Thirty-four years ago tomorrow, some 24,000 Liverpool fans traveled to Sheffield for the FA Cup semi-final against Nottingham Forest.
It should have been a celebration of the best English football has to offer: two great teams led by the game’s giants, vying for the right to play at Wembley against the backdrop of the beautiful spring sun. Instead, the day descended into tragedy: 94 fans died on the day after catastrophic overcrowding at the end of the field at Leppings Lane led to a rush. Three others later died from injuries sustained that afternoon.
Hillsborough changed everything – for the families of those who perished, for the survivors traumatized by what they saw, and for English football more broadly – although it is a shame that the fight for justice was only just beginning. It took 27 years for the fans who had died to be fully exonerated, and a second inquest ruled that they had been unlawfully killed and that the blame instead lay with the South Yorkshire Police, Ambulance Service and the deficiencies of the stadium itself.

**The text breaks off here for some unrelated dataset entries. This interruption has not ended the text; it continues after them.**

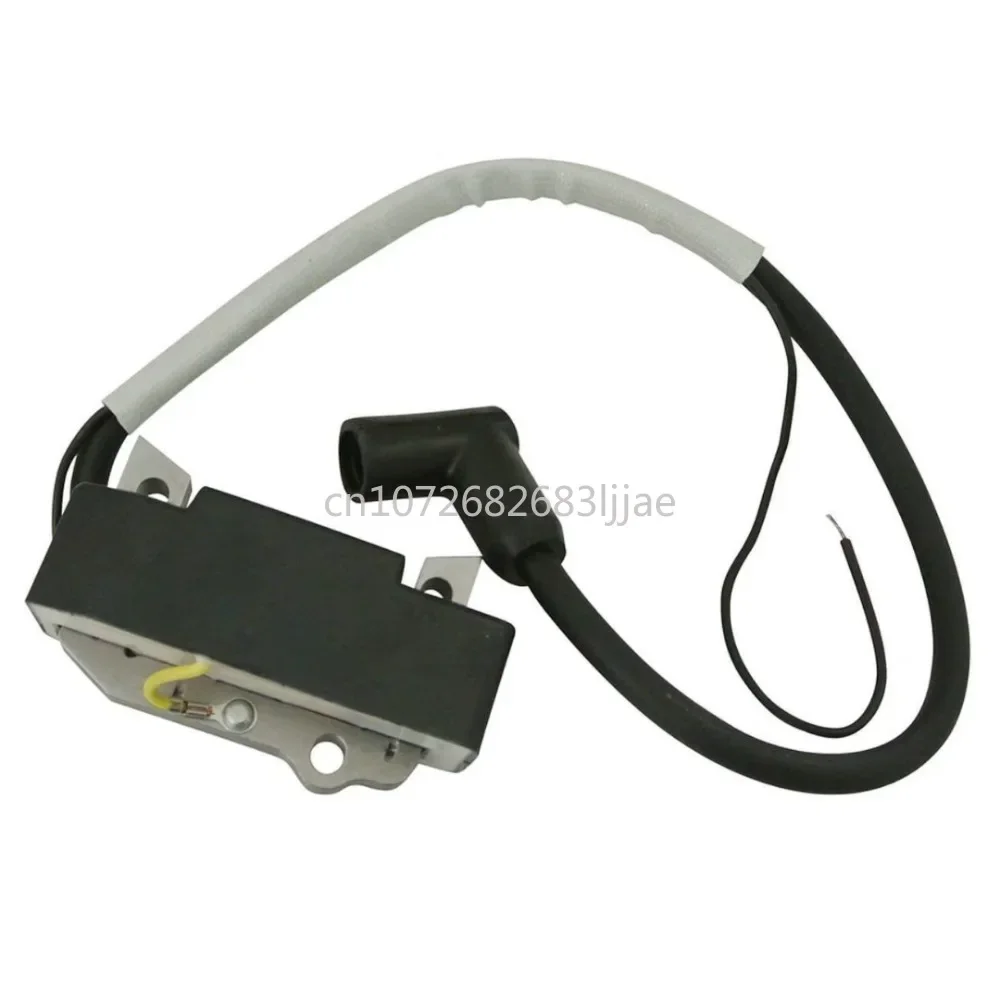 Wm80 BH23 Bs600 BS50-2 BS60-2 0154037 воспламенитель катушки зажигания
Wm80 BH23 Bs600 BS50-2 BS60-2 0154037 воспламенитель катушки зажигания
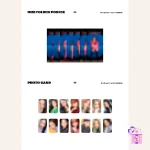 PURPLE KISS - Geekyland (4th Mini Album) - Image 6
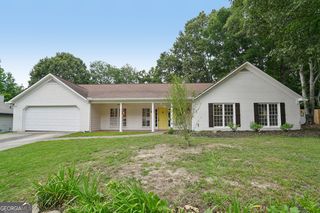 1254 Wynford Colony SW, Marietta, GA 30064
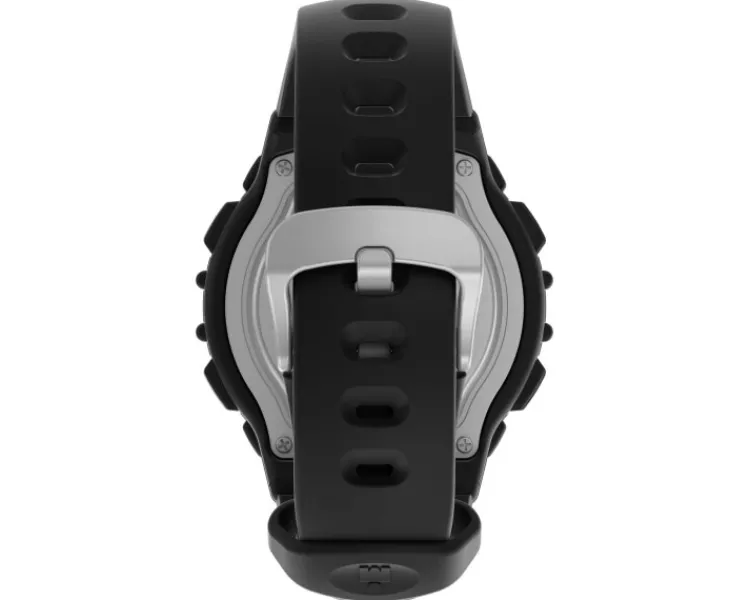 Timex ® IRONMAN® Classic 10< Zegarki Męskie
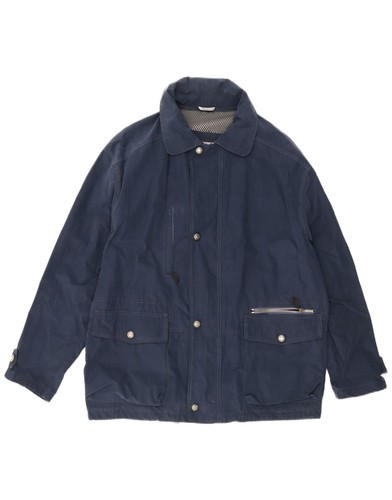 Wampum giacca uomo - giacca, utility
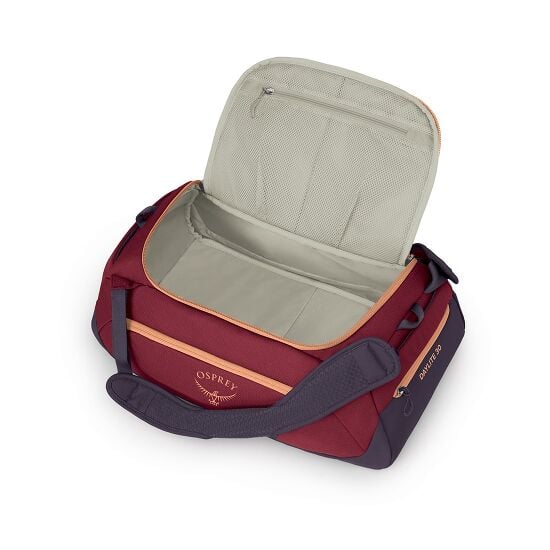 Osprey Daylite™ Duffel/Backpack 30L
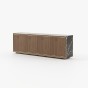 Rick Sideboard Rick Sideboard
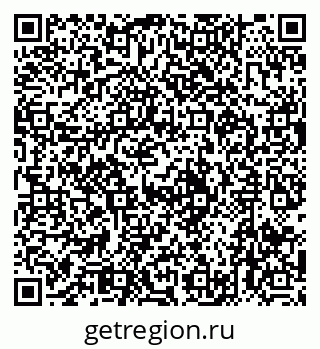 79633312681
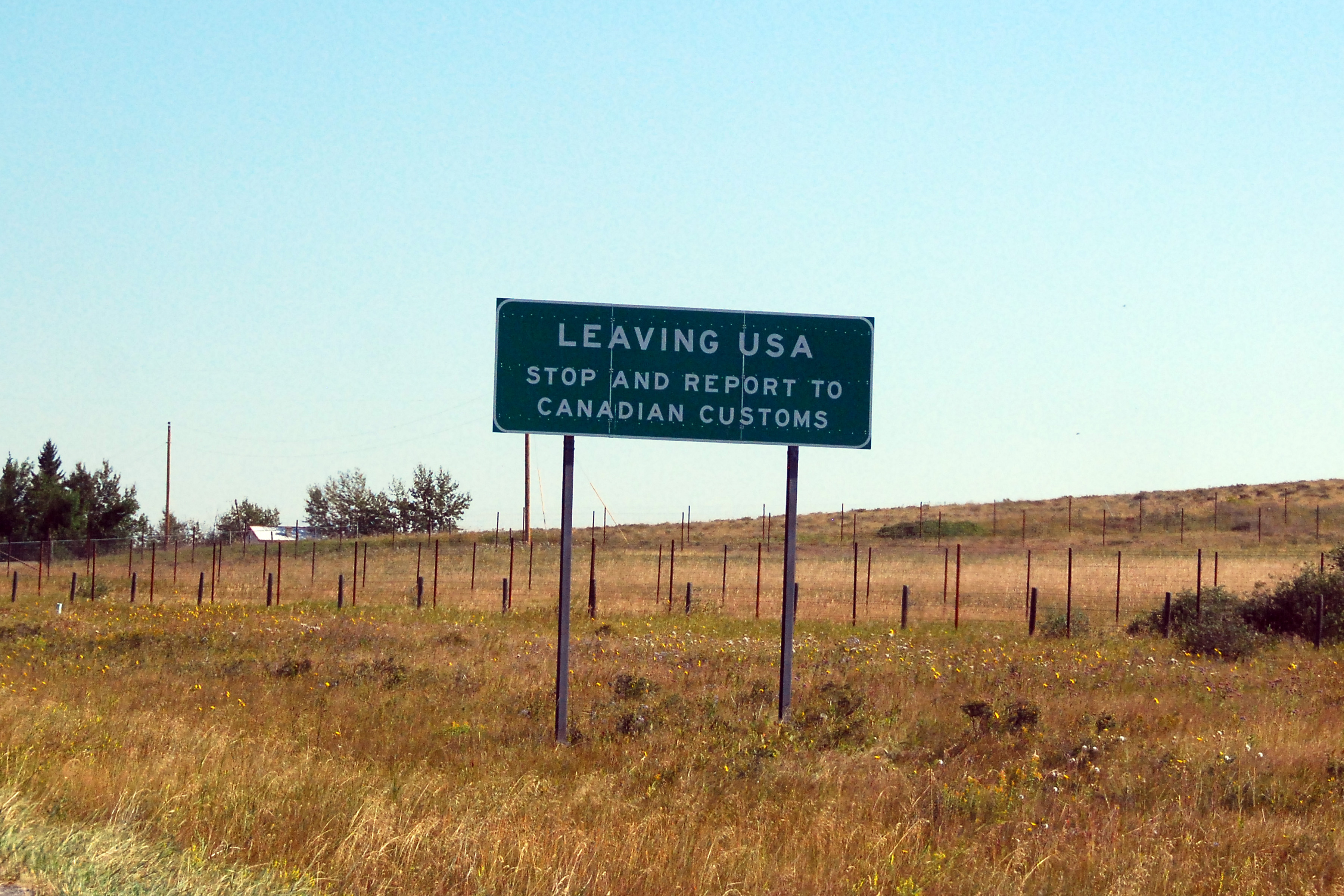 Simi Valley Corvettes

The events of the day itself and its harrowing aftermath have been well chronicled, not least the athlete. But as another anniversary approaches, we felt it was time to remember how these 97 men and women lived, not how they died, and to tell the human stories that underlie the dismal statistics.
said Kerry Aspinall, whose brother James died in Hillsboro and whose mother Margaret is chairman of the Hillsboro Family Support Group.
“Each of them left a huge hole in many lives. Telling the stories of who they were and why they were so lost is an important way to keep their memories and legacies alive.”
We wrote to the family members of all the fans who died, asking if they’d like to share their stories. Understandably, many did not want to relive the pain of that day and refused to participate. Others asked us to use pen pictures that they themselves or family members had read when the second investigation began in 2014.
But many of them wanted the world to know about the people they loved—what and who they cared about, their accomplishments and aspirations, and what might have happened if they had not been caught up in tragedy.
These are those stories – they are all free to read.